The second life event that can bring unintended consequences into an encore marriage is if the couple decides to divorce. This is especially important because many studies indicate second and third marriages are more likely to end in divorce than a first marriage. How will the property be divided? Will wife end up with husband’s lake home? Will husband walk away with some of wife’s minerals? The easiest way to address this issue is for the couple to sign either a prenuptial agreement before the marriage or a marital agreement after the marriage. The agreement should state exactly how the property will be divided in the event of a divorce.

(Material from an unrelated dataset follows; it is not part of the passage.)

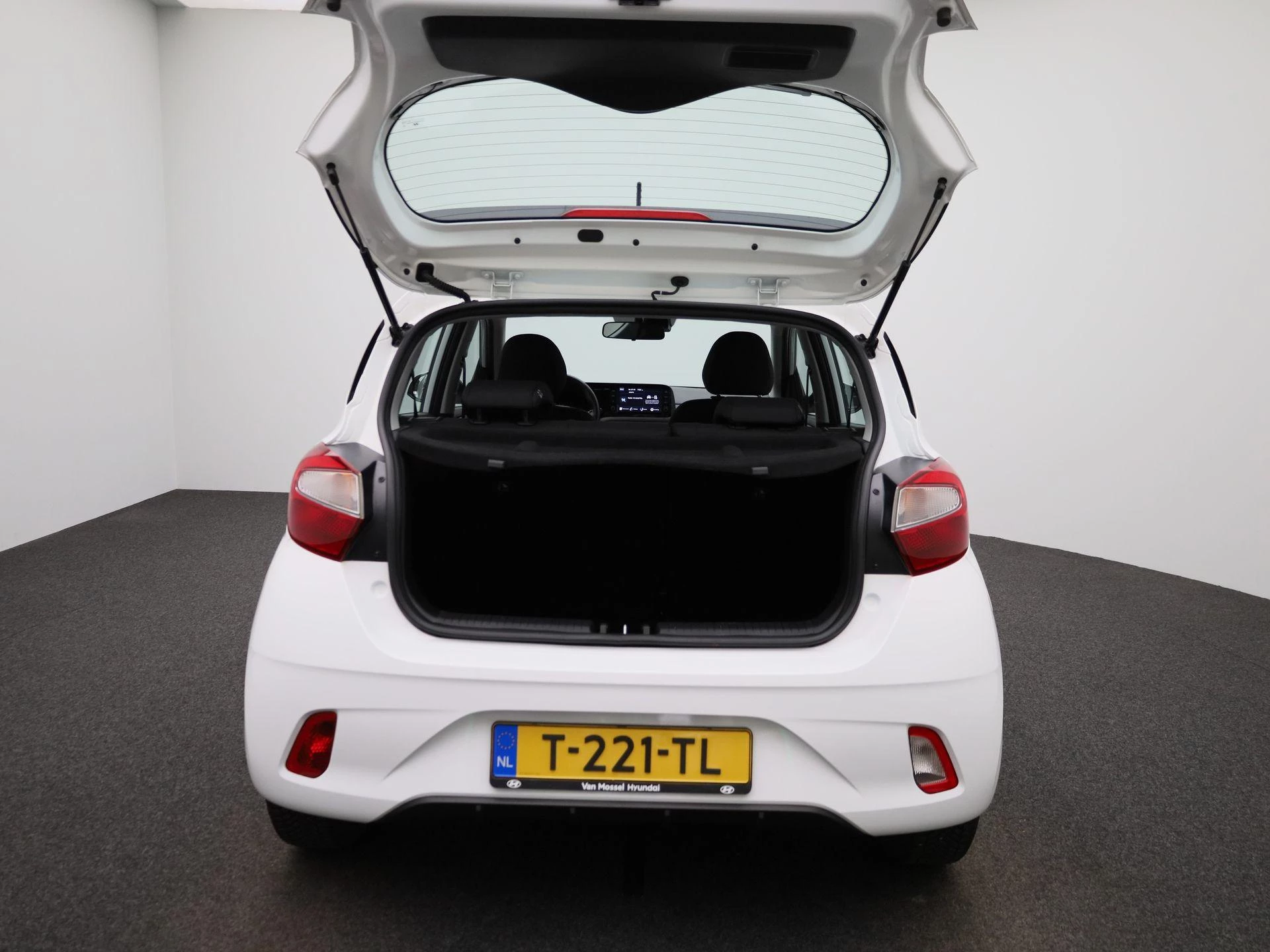 Hyundai-i10-image-10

The third life event bringing unintended consequences into an encore marriage is the death of a spouse. Many couples believe they have planned for this issue by making clear in their estate planning their assets are to go only to their respective children. However, the law in North Dakota gives a surviving spouse who received nothing from their deceased spouse at death the right to claim 50% of the deceased spouse’s assets; this essentially means you cannot truly disinherit your spouse. The only way to make sure your spouse does not try to claim 50% of your estate is to have each spouse waive this right. This can be done by signing either a prenuptial agreement before the marriage or a marital agreement after the marriage.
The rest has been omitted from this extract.